### What you have to do
Scan the lines below for the string "Print" and copy every one that has it.

### Material to process
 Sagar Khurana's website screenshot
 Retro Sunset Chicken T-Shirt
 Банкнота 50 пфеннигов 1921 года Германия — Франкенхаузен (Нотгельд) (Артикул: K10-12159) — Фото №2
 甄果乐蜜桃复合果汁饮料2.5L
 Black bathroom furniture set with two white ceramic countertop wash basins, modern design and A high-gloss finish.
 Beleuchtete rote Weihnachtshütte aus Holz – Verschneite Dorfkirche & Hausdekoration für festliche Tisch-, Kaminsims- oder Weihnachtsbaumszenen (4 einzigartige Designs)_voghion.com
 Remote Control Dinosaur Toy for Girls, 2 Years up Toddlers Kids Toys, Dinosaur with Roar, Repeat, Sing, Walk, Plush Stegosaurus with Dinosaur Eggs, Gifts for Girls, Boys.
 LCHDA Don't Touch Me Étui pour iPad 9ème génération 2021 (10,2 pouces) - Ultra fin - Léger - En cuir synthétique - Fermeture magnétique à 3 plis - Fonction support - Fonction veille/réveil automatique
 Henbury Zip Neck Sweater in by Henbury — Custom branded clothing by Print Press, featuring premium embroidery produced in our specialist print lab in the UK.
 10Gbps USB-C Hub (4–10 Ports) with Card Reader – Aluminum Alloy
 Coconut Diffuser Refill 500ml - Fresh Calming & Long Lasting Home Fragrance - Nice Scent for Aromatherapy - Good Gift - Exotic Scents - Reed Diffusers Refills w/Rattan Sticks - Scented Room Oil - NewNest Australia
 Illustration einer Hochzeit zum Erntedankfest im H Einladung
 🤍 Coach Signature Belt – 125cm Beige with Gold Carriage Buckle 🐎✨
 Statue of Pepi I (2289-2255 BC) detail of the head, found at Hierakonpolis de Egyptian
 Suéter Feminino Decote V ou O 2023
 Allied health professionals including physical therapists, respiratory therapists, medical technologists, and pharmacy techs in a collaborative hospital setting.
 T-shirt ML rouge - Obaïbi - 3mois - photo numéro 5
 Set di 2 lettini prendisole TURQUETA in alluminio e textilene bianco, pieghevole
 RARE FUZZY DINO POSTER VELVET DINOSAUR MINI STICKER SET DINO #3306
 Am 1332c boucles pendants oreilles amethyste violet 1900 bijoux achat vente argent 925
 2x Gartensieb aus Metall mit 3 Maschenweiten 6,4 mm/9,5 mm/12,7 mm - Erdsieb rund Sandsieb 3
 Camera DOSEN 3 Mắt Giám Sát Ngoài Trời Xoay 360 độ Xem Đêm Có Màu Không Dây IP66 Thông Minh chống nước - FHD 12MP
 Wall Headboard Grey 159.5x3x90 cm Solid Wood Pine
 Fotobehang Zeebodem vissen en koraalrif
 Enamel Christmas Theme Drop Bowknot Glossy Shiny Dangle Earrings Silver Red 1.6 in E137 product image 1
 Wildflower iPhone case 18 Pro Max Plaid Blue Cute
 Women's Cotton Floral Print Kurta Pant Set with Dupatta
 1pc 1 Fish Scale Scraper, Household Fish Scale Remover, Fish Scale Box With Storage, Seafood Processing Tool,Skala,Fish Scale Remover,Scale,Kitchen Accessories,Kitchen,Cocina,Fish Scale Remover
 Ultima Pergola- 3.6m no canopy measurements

### Your response
 Henbury Zip Neck Sweater in by Henbury — Custom branded clothing by Print Press, featuring premium embroidery produced in our specialist print lab in the UK.
 Women's Cotton Floral Print Kurta Pant Set with Dupatta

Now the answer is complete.